The listing below begins with the first line you should copy; stop after the line containing "sdeer优雅V领收腰肌理无袖连衣裙", and drop every picture.
======== Exercise material
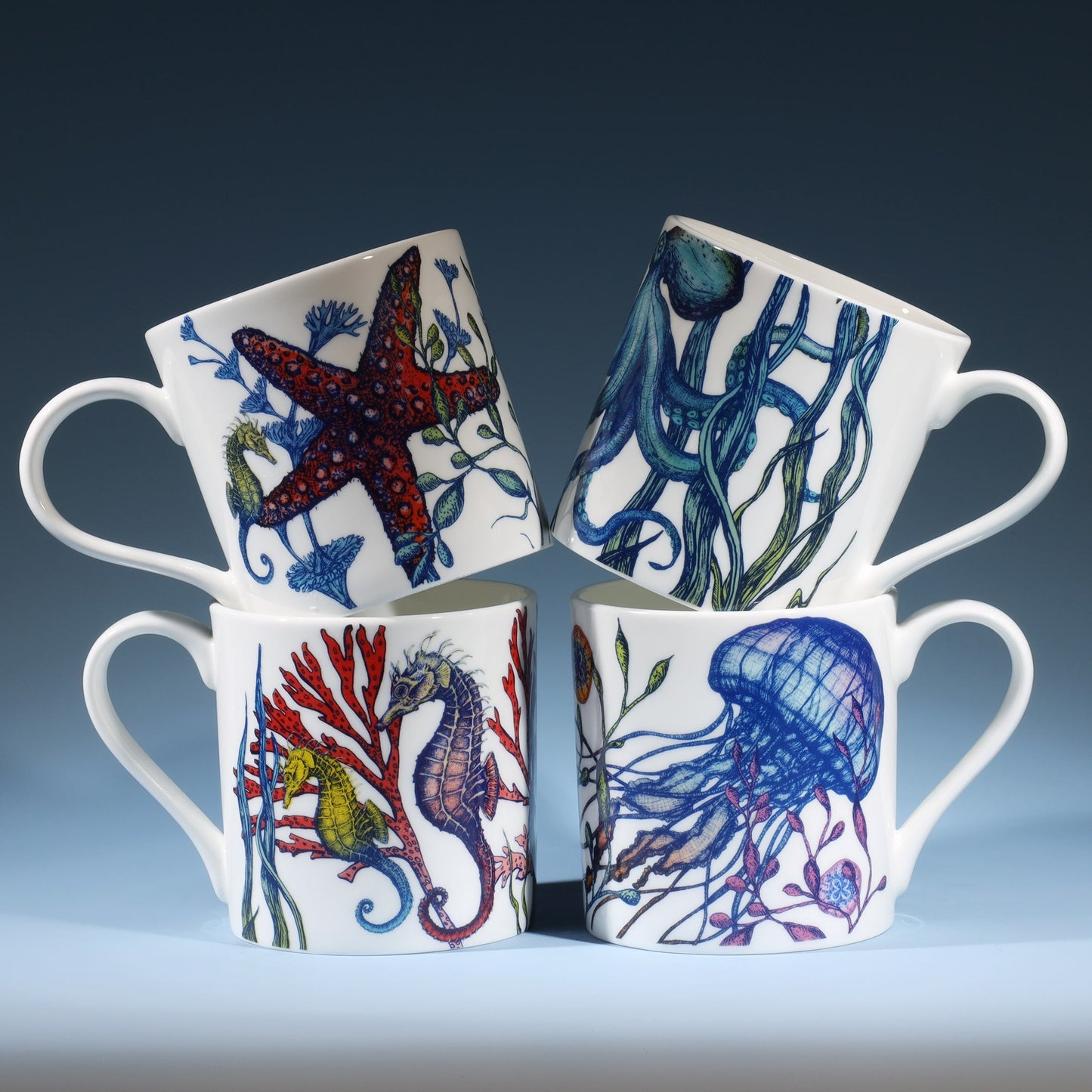 Bone China Reef Mugs Set Of Four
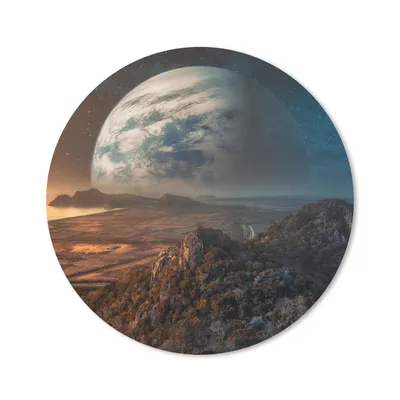 Produktbild von MuchoWow® Mauspad Mousepad Planeten - Berge - Sterne 50x50 cm - Mousepads - Maus Mat - Pad - Mausunterlage - Vinyl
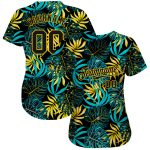 Custom Black and Gold Tropical Palm Leaves Baseball Jersey - Personalized 3D Pattern with Name and Number Personalized Black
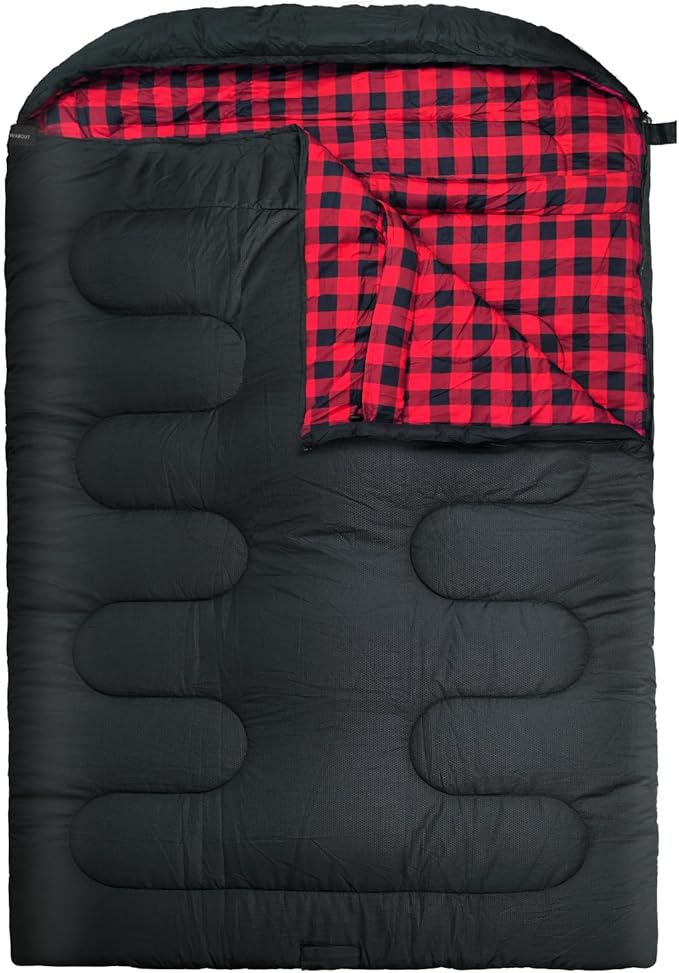 0 Degree Double Sleeping Bag for Adults Queen Size 2 Person Sleeping Bag for Cold Weather with Compression Sack for Car Camping Hunting and Tent Camp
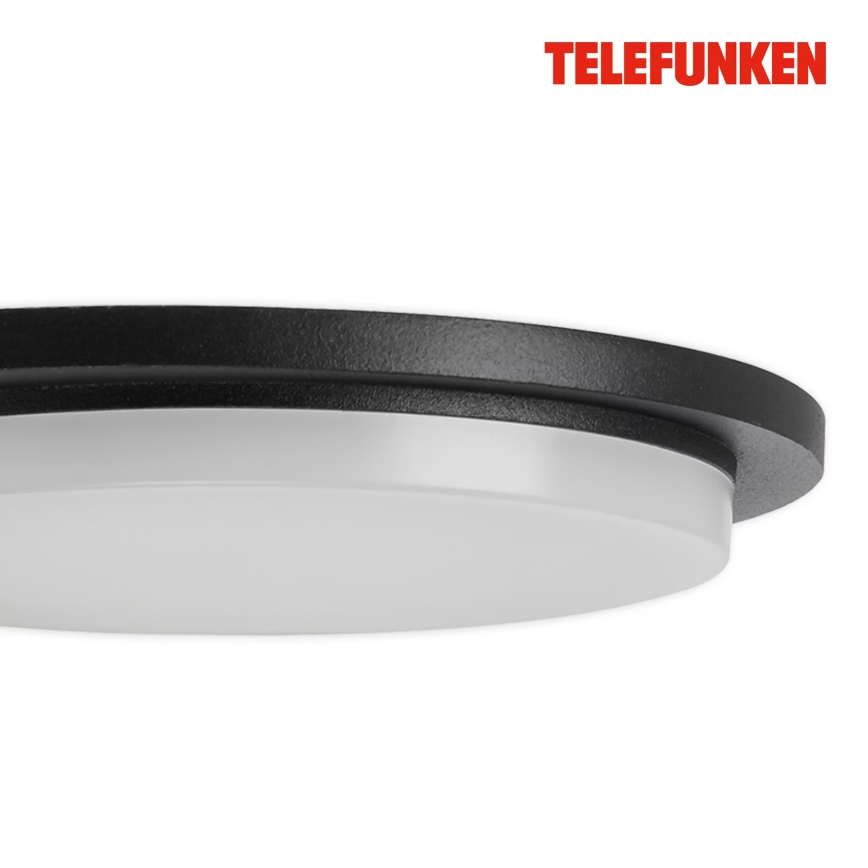 Telefunken 312505TF-LED Ulkokäyttöön tarkoitettu seinävalaisin sensorilla LED/10W/230V IP44 musta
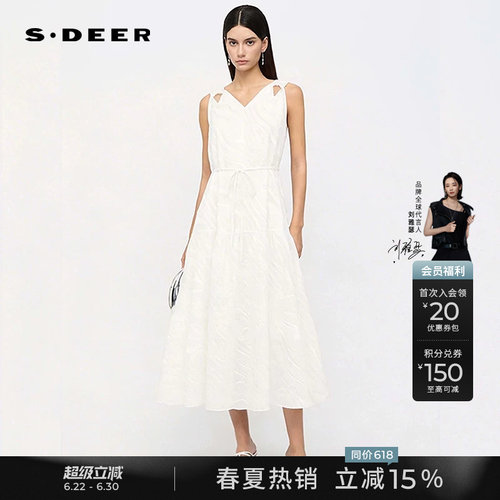 sdeer优雅V领收腰肌理无袖连衣裙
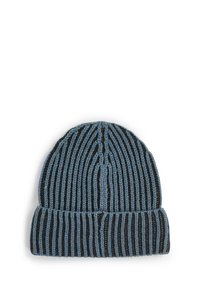 Bonnet en tricot noir et bleu foncé, avec des rayures verticales et un revers replié. Tissu texturé avec une coupe ajustée.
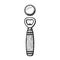 Bottle opener and beer cap. Black and white isolated vector illustration.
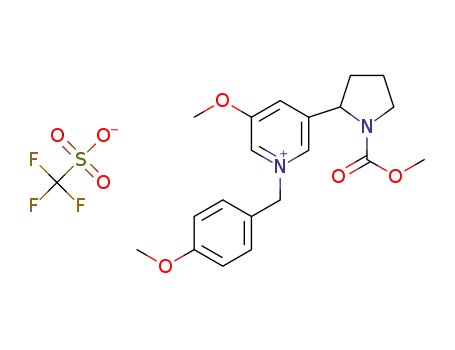 3-methoxy-1-(4-methoxybenzyl)-5-(1-(methoxycarbonyl)pyrrolidin-2-yl)pyridin-1-ium trifluoromethanesulfonate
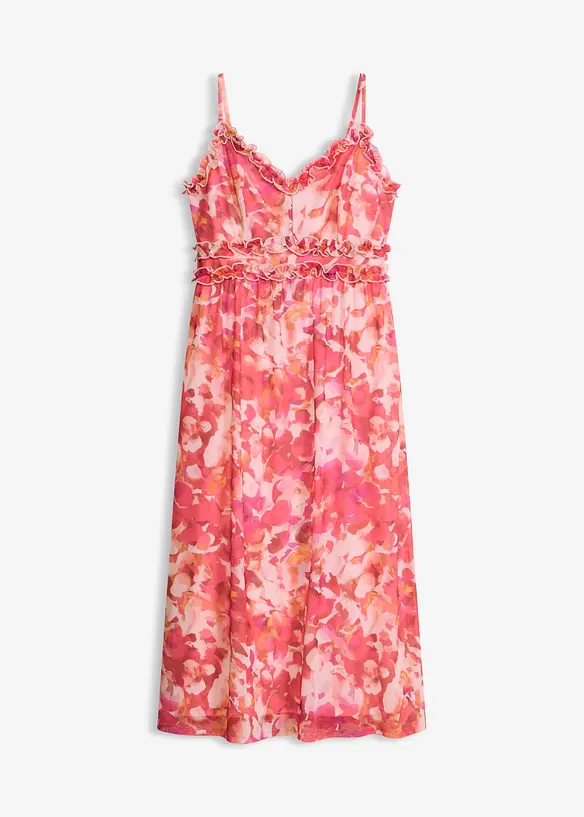 Trägerkleid aus softem Mesh in pink von vorne - bonprix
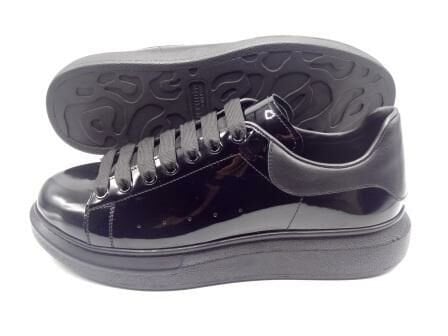 Büyük Numara Siyah Rugan Ayakkabı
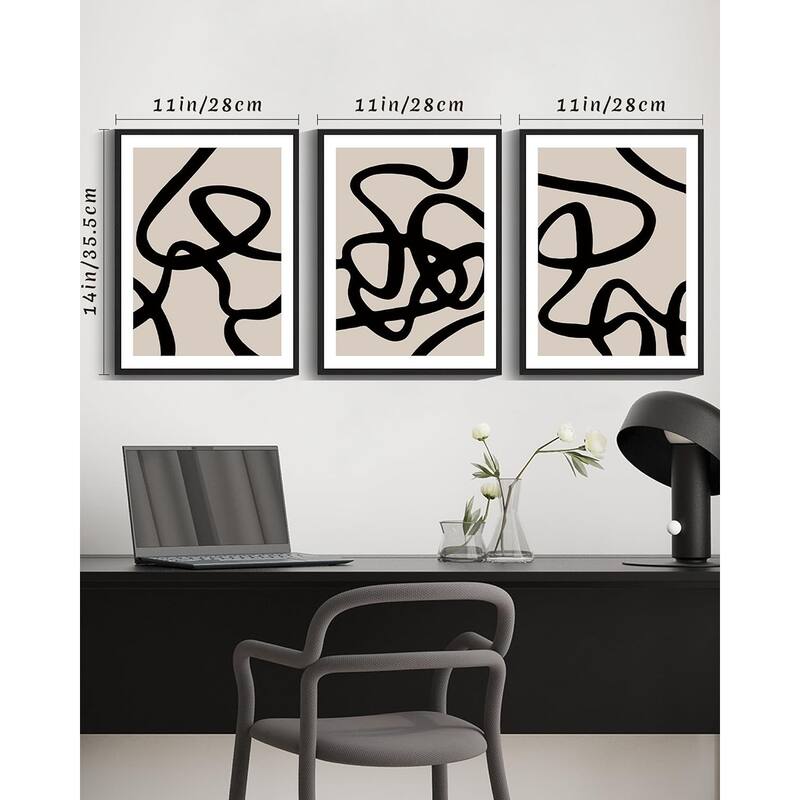 Black Lines Abstract Wall Art Ink Wash Minimalist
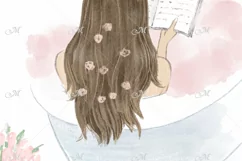 Girl W/Diary in a Bathtub Illustration Product Image 3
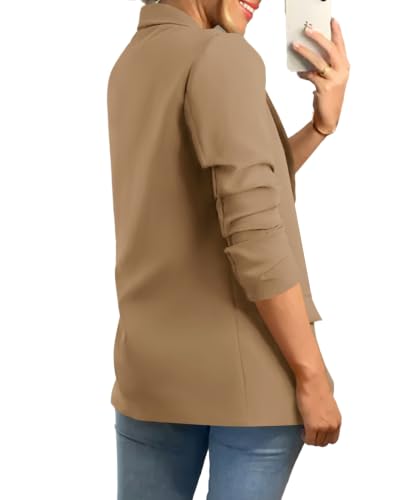 KIRUNDO Womens Blazer 2026 Fall Business Casual Jackets(Light Khaki, XXL) - image 2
================
Exercise solution:
 Bone China Reef Mugs Set Of Four
 Produktbild von MuchoWow® Mauspad Mousepad Planeten - Berge - Sterne 50x50 cm - Mousepads - Maus Mat - Pad - Mausunterlage - Vinyl
 Custom Black and Gold Tropical Palm Leaves Baseball Jersey - Personalized 3D Pattern with Name and Number Personalized Black
 0 Degree Double Sleeping Bag for Adults Queen Size 2 Person Sleeping Bag for Cold Weather with Compression Sack for Car Camping Hunting and Tent Camp
 Telefunken 312505TF-LED Ulkokäyttöön tarkoitettu seinävalaisin sensorilla LED/10W/230V IP44 musta
 sdeer优雅V领收腰肌理无袖连衣裙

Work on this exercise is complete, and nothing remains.